Quick demonstration
This demonstration focuses on Linguistica 5 as a Python library. There are two other use modes: Graphical user interface (GUI) and Command line interface (CLI).
For the nature and format of datasets, see Data.
For more details about Linguistica 5 as a Python library: Python library and Full API documentation
The Basics
Importing the
linguisticalibraryUsing a built-in dataset (the English Brown corpus)
Creating a Linguistica object for a given dataset
import linguistica as lxa
from linguistica.datasets import brown
lxa_object = lxa.read_corpus(brown)
brown (str) is the file path of the English Brown corpus text file
built in the Linguistica 5 library.

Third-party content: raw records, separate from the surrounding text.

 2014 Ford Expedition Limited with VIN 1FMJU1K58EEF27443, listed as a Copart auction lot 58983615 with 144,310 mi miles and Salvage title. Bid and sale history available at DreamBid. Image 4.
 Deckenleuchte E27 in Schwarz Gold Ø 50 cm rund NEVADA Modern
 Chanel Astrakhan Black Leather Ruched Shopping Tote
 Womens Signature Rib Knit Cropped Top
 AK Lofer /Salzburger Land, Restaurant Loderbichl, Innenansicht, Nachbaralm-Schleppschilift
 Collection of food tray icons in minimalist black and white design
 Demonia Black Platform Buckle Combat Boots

If you would like to use a corpus
text from the local drive, the argument for linguistica.read_corpus() should
take the file path (as a str) of your desired text file.

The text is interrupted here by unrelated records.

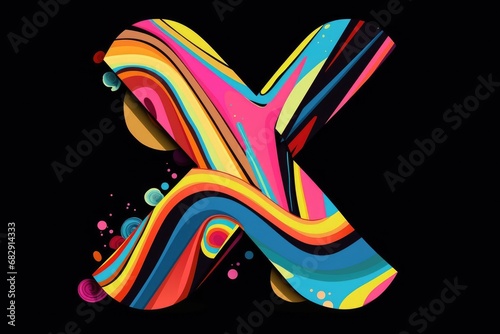 letter x  pop art style  on black background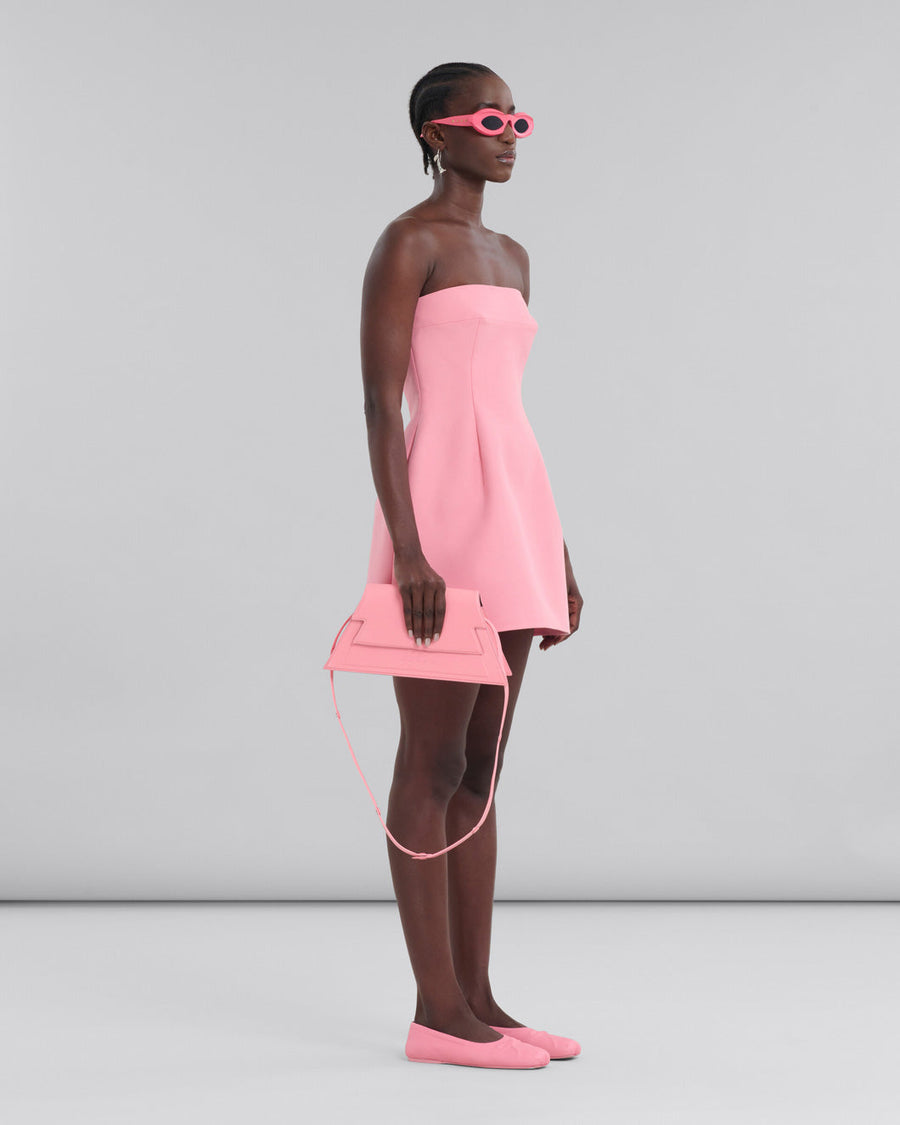marni Pink Cady Strapless Mini Dress on figure side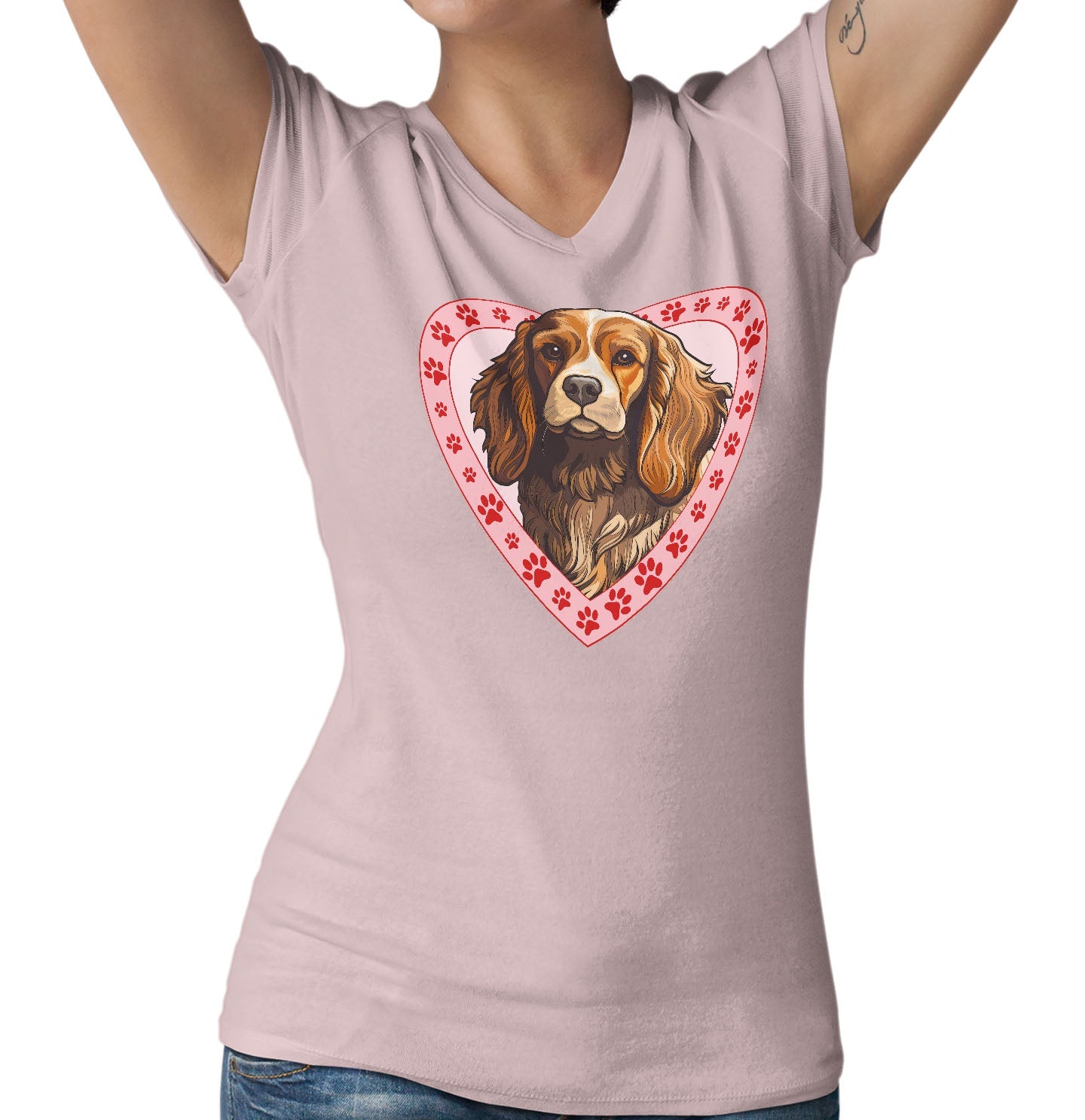 Cocker Spaniel (Red & White) Illustration In Heart - Women's V-Neck T-Shirt
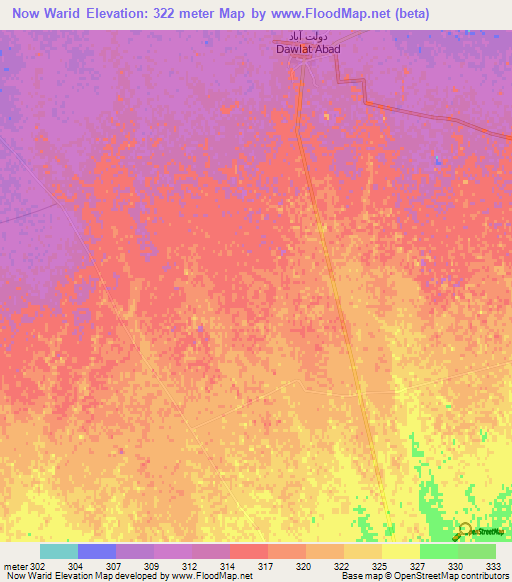 Now Warid,Afghanistan Elevation Map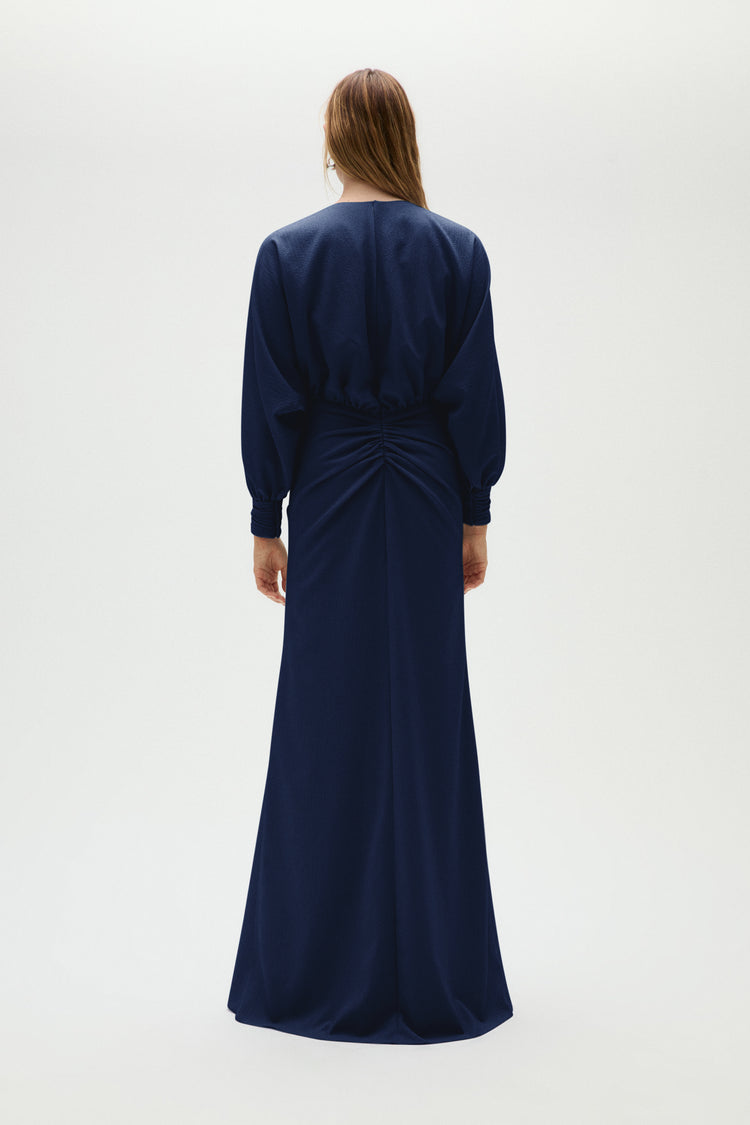 Pebble Crepe Gathered Gown, dress from Collection Evening by Amsale, Fabric: crepe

Methods with a Linguistica object
Sample uses: (1) word trigrams, (2) signatures to stems
(1) Word trigrams
trigrams = lxa_object.word_trigram_counter()
trigrams is a dict with word trigrams (each as a tuple) mapped to
their respective counts.
for trigram, count_ in sorted(trigrams.items(), key=lambda x: x[1], reverse=True):
print(trigram, count_)
if count_ < 100:
break
(',', 'and', 'the') 662
('one', 'of', 'the') 403
('the', 'united', 'states') 328
(',', 'however', ',') 321
(',', 'in', 'the') 266
('.', 's', '.') 266
(',', 'he', 'said') 257
('as', 'well', 'as') 238
('u', '.', 's') 235
(',', 'it', 'is') 234
(',', 'and', 'he') 225
('of', 'course', ',') 220
(',', 'of', 'course') 189
('some', 'of', 'the') 179
('the', 'u', '.') 176
('out', 'of', 'the') 174
('the', 'fact', 'that') 167
(',', 'but', 'the') 161
(',', 'mr', '.') 159
(',', 'and', 'a') 158
('for', 'example', ',') 153
('.', 'm', '.') 153
('the', 'end', 'of') 149
(',', 'but', 'he') 148
('part', 'of', 'the') 144
('he', 'said', ',') 143
('it', 'was', 'a') 143
('there', 'was', 'a') 142
('it', 'is', 'not') 136
('to', 'be', 'a') 133
('there', 'was', 'no') 132
(',', 'and', 'i') 132
(',', 'too', ',') 131
(',', 'it', 'was') 129
('there', 'is', 'a') 128
('of', 'the', 'united') 127
(',', 'with', 'the') 124
('a', 'number', 'of') 123
(',', 'mrs', '.') 121
('in', 'order', 'to') 120
(',', 'and', 'that') 120
(',', 'but', 'it') 120
(',', 'and', 'in') 119
('it', 'is', 'a') 114
('most', 'of', 'the') 114
('members', 'of', 'the') 110
(',', 'and', 'it') 109
(',', 'he', 'was') 109
('end', 'of', 'the') 108
('of', 'the', 'new') 107
('it', 'would', 'be') 107
(',', 'for', 'the') 106
('the', 'number', 'of') 104
('there', 'is', 'no') 104
('he', 'did', 'not') 103
('at', 'the', 'same') 103
('.', 'c', '.') 102
(',', 'and', 'then') 102
(',', 'she', 'said') 102
('the', 'use', 'of') 102
('in', 'fact', ',') 101
('on', 'the', 'other') 100
('he', 'said', '.') 100
(',', 'on', 'the') 99
Given trigrams is a dict that maps something to counts, it is
natural to convert it to a collections.Counter instance
and take advantage of the methods
available (e.g., collections.Counter.most_common() for accessing the most common k
items).
(2) Signatures to stems
sigs_to_stems = lxa_object.signatures_to_stems()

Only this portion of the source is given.